たとえば、「犯人の『とくちょう』」と言う際には、他の人と比べて単に目立つ点を言いたいため、「特徴」を用います。
「特徴」の類義語
「特徴」の類義語は「特色」です。「特色」は、他と異なる箇所を意味する言葉です。
「特徴」と同じく、それが優れているものか悪いものかというのは別の話です。
「特徴」の使い方の例
- 彼の特徴は背が高いことだ。
- 特徴のある笑い声。
- 並外れた身体能力の高さは、犯人の特徴の 1つだ。
「長」と「徴」の意味
「長」と「徴」の意味を知っておくと、特長と特徴の違いが覚えやすくなります。「長」には、「長ける」(たける)という言葉に代表されるように、優れているもの、上のものという意味があります。
そのため、「特長」は、特別な長所と覚えておくと良いでしょう。
一方、「徴」には、他と見分ける手段としてのしるし、という意味があります。
これを知っておくと、「特徴」は良し悪しに関係なく、他と比べて目立つ点を指摘する言葉であることが理解しやすくなるでしょう。
英語での「特長」と「特徴」
「特長」と「特徴」は、それぞれ英語で次のように表現します。
- strong point
(長所) - merit
(美点、取り柄) - forte
(長所、得手(えて))
- feature
(特徴、特色) - characteristics
(特色)
それぞれを用いた例文は以下の通りです
- Having good writing is her strong point.
(彼女の字の上手さは美点だ。) - I think this item is lacking in merit.
(この製品は、長所に欠けると感じた。) - Speaking in public is his forte.
(人前で話すことは、彼の得手だ。)
- that policeman asked me about facial features of the criminal.
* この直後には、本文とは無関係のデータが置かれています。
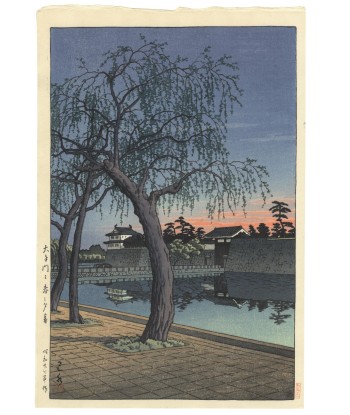 Estampe Japonaise Encadrée de Hasui Kawase | Crépuscule de printemps sur le Palais Impérial de Tokyo shop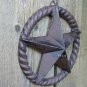 Distressed Cast Iron Rustic Texas Star Plaque Rope Wreath Country Western Sculpture Fence Prop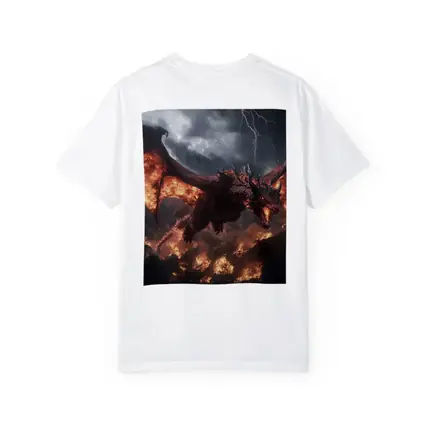 Fire Dragon Flying Over Burning Rocks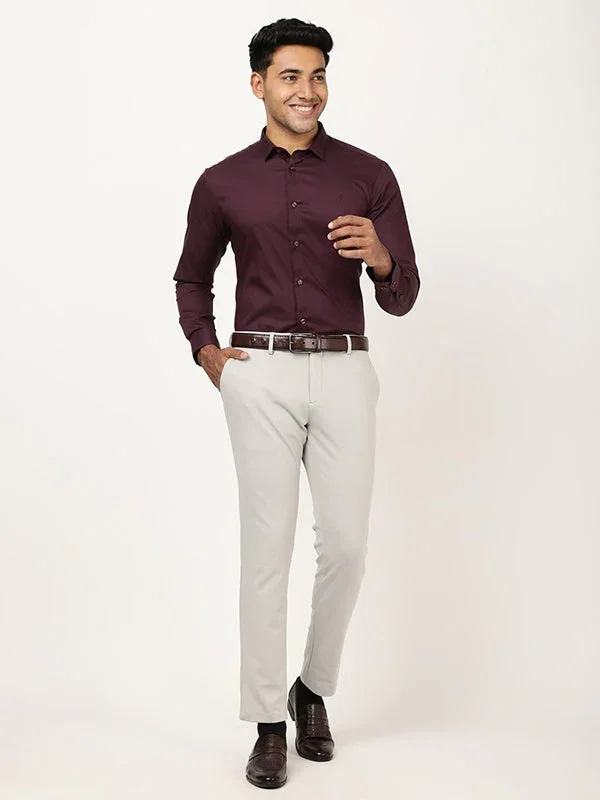 Men's Solid Full Sleeves Cotton Blend Shirt - Image 9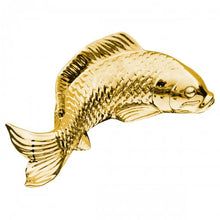 Load image into Gallery viewer, A polished gold fish-shaped brooch or pin, shown in profile against a plain white background.
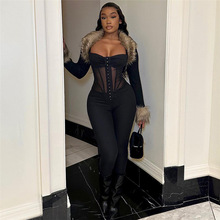 INS欧美风2024春季女装新款时尚吊带性感低胸透视修身显瘦连体裤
(犯人の顔の特徴について、警官は私に尋ねた。) - Our science teacher is talking about the characteristics of the natural environment.
(理科の先生は、自然かの特徴について話している。)
まとめ
以上、この記事では、「特長」と「特徴」の違いについて解説しました。